Three small dogs, two Pomeranians and a Pekingese, survived the Titanic disaster cradled in their owners’ arms as they climbed into lifeboats.
Miss Margaret Hays, aged 24, boarded Titanic at Cherbourg and was travelling home with two friends to New York with her Pomeranian called Lady.
After the collision they put lifejackets on and waited to get into a lifeboat – Margaret had Lady wrapped in a blanket. Fellow American James Clinch Smith spotted the dog and joked: “Oh, I suppose we ought to put a life preserver on the little doggie too.”
Smith was among more than 1,500 people who died in the sinking.
Mrs Elizabeth Barrett Rothschild, aged 54, also saved her Pomeranian (name unknown) when she escaped in a lifeboat. When the rescue ship Carpathia drew alongside, the crew at first declined to take the Pom Pom on board.
Elizabeth retorted that she would stay put unless the dog came with her. She was hoisted aboard clutching her pet, which later died in a fight with another dog in New York. Elizabeth’s wealthy husband Martin was among those lost in the disaster.
The third dog survivor was Sun Yat Sen, a Pekingese named after the first president of the Republic of China founded on 1 January 1912. He escaped in a lifeboat with owner Henry Sleeper Harper, a publisher, his wife Myra and two servants.
The dogs who didn't survive
Titanic dog victims included a French bulldog called Gamin de Pycombe travelling with 27-year-old banker Robert Williams Daniel, who survived.
Another dog that died while his master survived was a chow chow (name unknown) belonging to stockbroker Harry Anderson, aged 54. Harry escaped in a lifeboat and later put in a claim for $50 for the loss of his pet.
Myths - or shaggy dog stories
Two dog myths are linked to the Titanic disaster. It is true that 50-year-old Ann Isham refused to get in a lifeboat without her large dog (possibly a Great Dane or St Bernard).

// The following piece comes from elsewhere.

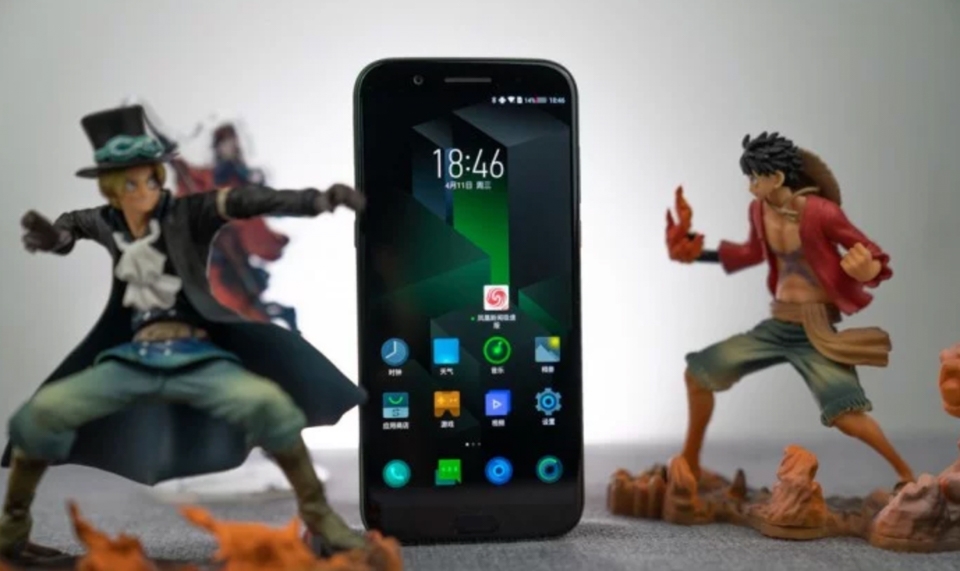 Trên tay Xiaomi Black Shark 03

However, there is no evidence to support a story that passengers on the German liner Bremen later saw a woman in a lifejacket with her frozen arms wrapped around a large dog bobbing in the waves. Neither the body of Ann nor her dog were ever found.
Another Titanic myth is the legend of Rigel the big black Newfoundland dog which again has no basis in fact. A report in the New York Herald claimed Rigel swam in front of a lifeboat and barked to alert the Carpathia. The story was thought to have been made up by an enterprising reporter.